崩れ砂は単に川岸に砂が堆積しているというのではなく、崩れるぎりぎりの限界にある砂のことを指します。ここで崩れ砂を大きく2つに分けて図1に従いタイプごとに説明します。
タイプA:どちらかというと少し粒が大きな砂の堆積物からなる川岸です。川の流れによって堆積物が削られるため、川の中央部に行くほど水深が深くなります。雨などによる川の水位変動があり川岸の水際では勾配がきつくなっています。水中ではある一定の角度で傾斜します。分度器の角度でおよそ30度ほどです。これ以上傾斜すると砂が崩れ落ちるぎりぎりの角度、つまり安息角でなんとか安定しています。そのため、その斜面に人が乗れば、安定が崩れて人とともにいっきに砂が深い方に崩れ落ちていきます。
タイプB:比較的粒が細かな砂の堆積物からなる川岸です。泥にも似たような性質を示すので、草が生えます。草は群生したりします。この群生の下の砂には草の根が細かく張っています。根が張ることによって砂が崩れにくくなります。川の水位変動が大きいとその分だけ砂の堆積物が削られ、ほぼ垂直の崖ができます。砂は崩れにくいとはいっても川岸の水際に人が立てば、その体重に耐えられなくなり、砂は塊となって川に崩れ落ちていきます。
何が水難事故を誘発するのか
タイプAもタイプBもこれまで調査してきた幼い子供などの落水現場に見られた崩れ砂です。いずれも水に入る気はなくても、水際に近づくだけで落水する恐れがあります。
タイプAの崩れ砂に足を踏み入れると、小学校低学年の子供なら砂の崩れとともに瞬く間に沈水します。何とか川岸の方に身体の向きを変えることができたとしても、足元の砂がアリジゴクのように崩れるため、自力で岸に這い上がることがとても難しくなります。もがくほどかなりの砂が水中で舞い上がるので、服や体中の穴という穴に砂が入り込みます。過去の事故現場の具体例を図2に示します。

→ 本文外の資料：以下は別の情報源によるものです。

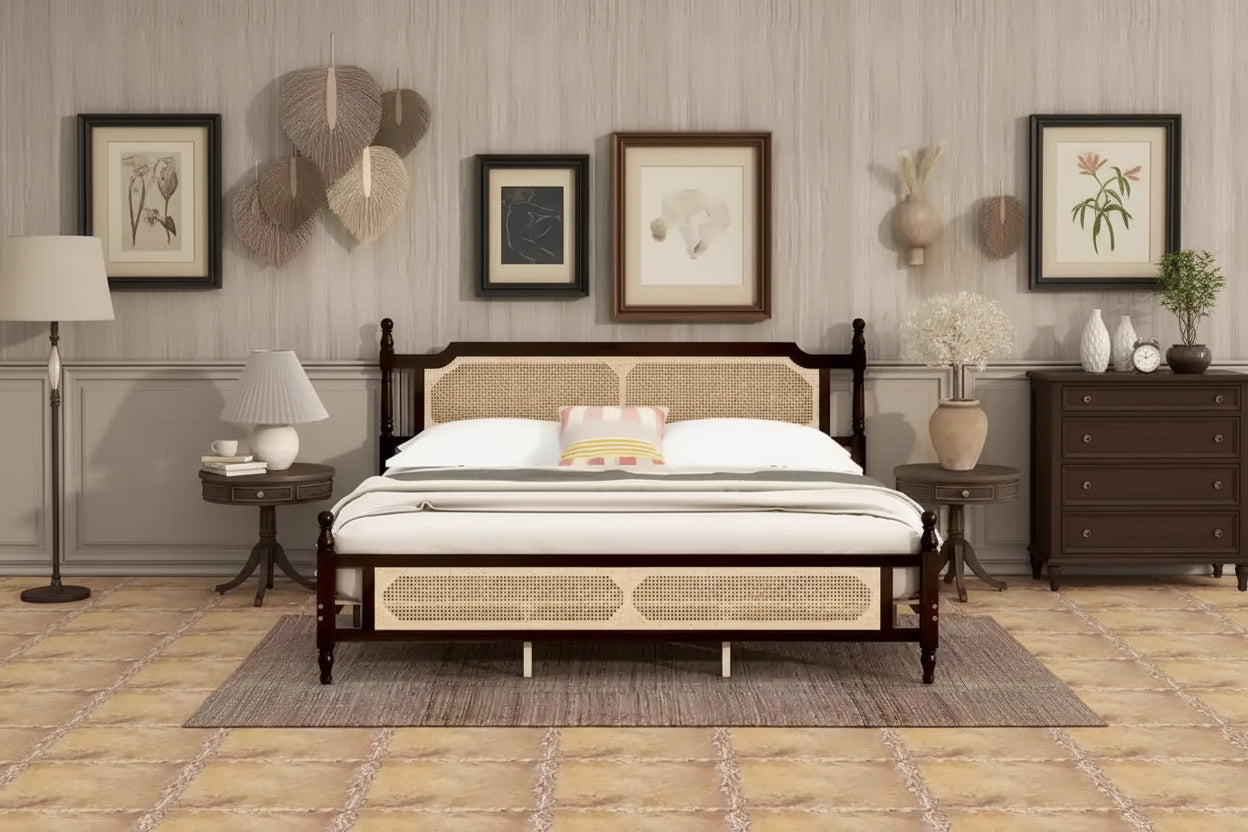 King Platform Bed with Rattan Headboard & Under-Bed Storage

タイプBの崩れ砂では、一見するとしっかりした足元があるように見えるのですが、水際に寄り過ぎると足元の砂が塊となって崩落します。そしてそのまま身体が落水します。崩落しても川底から川岸までの高さがなければ、すぐに岸に上がることができます。ところが高さに差があると自力で上がることが難しくなります。ほぼ垂直の砂の壁ですから足をかける場所がないこと、手を川岸に乗せて腕の力で這い上がろうとすると、新たに砂が崩れてしまうことが理由です。手足の指先に這い上がろうとした時の傷ができるし、爪の間に現場の砂が深く入り込みます。タイプBの具体例を図3に示します。
江戸川の現場はどうなっているのか
川岸のタイプ
江戸川の現場では、女児の靴や靴下が置き去りになっていた場所のすぐ近くに川に降りることができる場所がありました。動画1をご覧ください。ここには典型的なタイプBの崩れ砂がありました。

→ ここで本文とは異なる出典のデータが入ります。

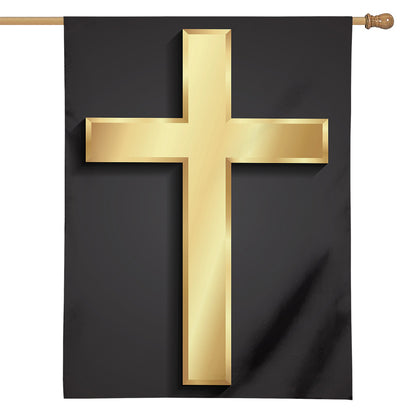Classic Golden Cross Print House Flag
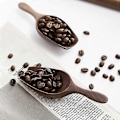 Miniatyrbillede 4 af 5: Ske til kaffebønner i massivt træ, skovl i sort valnød, hel træ, graveske til kaffebønner, teskovl Wo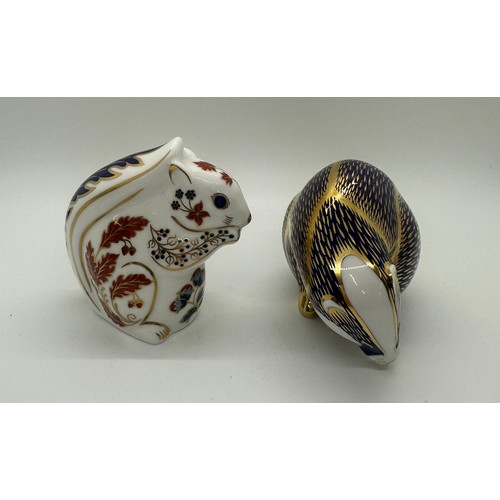 419 - Two A Royal Crown Derby paperweight, Badger, 12cm, date mark for 1986 (XLIX) and a Squirrel, date ma...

動画1 女児の靴や靴下が置き去りになっていた場所のすぐ近くの水際の様子(筆者撮影 0分35秒)
動画では水面と川岸の高低差がよくイメージできないかと思います。イメージとしては図1の下の図が当てはまります。水面から川岸の水際の高さまでおよそ80 cm、壁はほぼ垂直に切り立っていました。かなり目の細かな砂からなり白く乾いている面では砂粒がよくわかりました。湿っている面では砂が泥のようにも見えました。
水際まで女児の捜索のために人が立ち入ったのでしょうか。所々砂の崩落の跡も見て取れました。筆者もぎりぎりまで川に近づきましたが、足元では砂が塊となって崩れそうでした。

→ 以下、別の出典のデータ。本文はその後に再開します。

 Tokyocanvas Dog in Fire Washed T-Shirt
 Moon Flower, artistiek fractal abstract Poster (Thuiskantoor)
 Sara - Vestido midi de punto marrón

動画の前半、川に降りていく時の様子を見ての通り、特に背の低い子供の目線では岸の先が急に落ち込んでいることはわかりにくいかもしれません。大人の目線では比較的容易に落ち込んでいることがわかります。
江戸川の水位
女児が行方不明になった日の川の景色はどうだったのでしょうか。国土交通省水文水質観測所情報(流山観測所)からデータを得て、女児の行方不明になった9月23日と24日の江戸川の水位と動画1を撮影した9月30日15時の水位を図4のように比較してみました。
その結果、動画1の川の水位は女児が行方不明となった23日の、15時頃の水位とほぼ同じだったことがわかります。そうすると当日の水面と川岸の高低差は80 cmほどだったと推測できます。
23日夕方からの水位は、15時の時点より10 cmくらい上がっています。その後の大雨により江戸川は増水し、24日23時頃には動画1撮影時に比較して200 cmほど上がっています。つまり、動画1に写っている川岸が完全に水没し、さらに120 cmほどの深さになるくらい水位が上がっていたことになります。
川へのアクセス
女児の靴や靴下が置き去りになっていた場所は広いサッカーコートでした。そのサッカーコートの端の風景が図5です。川に降りることができる場所はどうなっているかというと、写真では右中央に写っています。ここは草が生い茂っている川岸の中で唯一人が歩いて川に降りられるようになっている場所なのです。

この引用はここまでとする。